Created in November 1652 following the takeover of the territory by Massachusetts, York is the oldest county in Maine. It was named for James, duke of York and Albany (later James II). It is Maine's southernmost county.

     York County, forming the south-western portion of the State, grew into its present name and form by degrees, and during a long period. Its beginning may be considered to have been the establishment of the government of the Province of Maine in 1640, by the proprietor, Sir Ferdinando Gorges. The limits of this province extended from the Piscataqua River to the Kennebec. The province soon came to be considered as two districts, first spoken of as the East and West districts, or counties, of which the Kennebunk River was regarded as the dividing line. The town of York being the shire town of the western section, that portion gradually came to be called York district, or county, the other being called Somerset, or New Somerset. The Kennebunk River also proved to be the western boundary of the temporary Province of Lygonia.

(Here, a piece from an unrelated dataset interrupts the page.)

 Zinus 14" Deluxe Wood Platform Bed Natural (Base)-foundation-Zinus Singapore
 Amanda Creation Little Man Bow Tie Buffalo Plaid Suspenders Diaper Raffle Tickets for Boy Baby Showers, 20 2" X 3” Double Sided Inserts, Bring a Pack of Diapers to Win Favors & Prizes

In 1652, Maine came under the control of Massachusetts, and the Isles of Shoals and all the territory northward of Piscataqua River to the White Mountains, and thence eastward to Penobscot Bay, were included in the re-named and extended jurisdiction of Yorkshire. All this was overturned by the King's commissioners in 1664, who revived the divisions as established by Gorges, and formed the territory east of the Kennebec into the county of Cornwall. In 1677, however, Massachusetts purchased the Province of Maine of Gorges' heirs; and again Yorkshire was extended eastward as far as the Kennebec. In 1716, the General Court ordered the extension of Yorkshire, so as to include all the settlements eastward; and accordingly Penobscot Bay became again the eastern boundary. In 1735, courts were ordered to be held at York and Falmouth, and the county received its present name. The establishment in 1760 of the new county of Cumberland, gave York County its present boundary on that side. In 1805, Oxford County was formed, when York County first assumed its present limits.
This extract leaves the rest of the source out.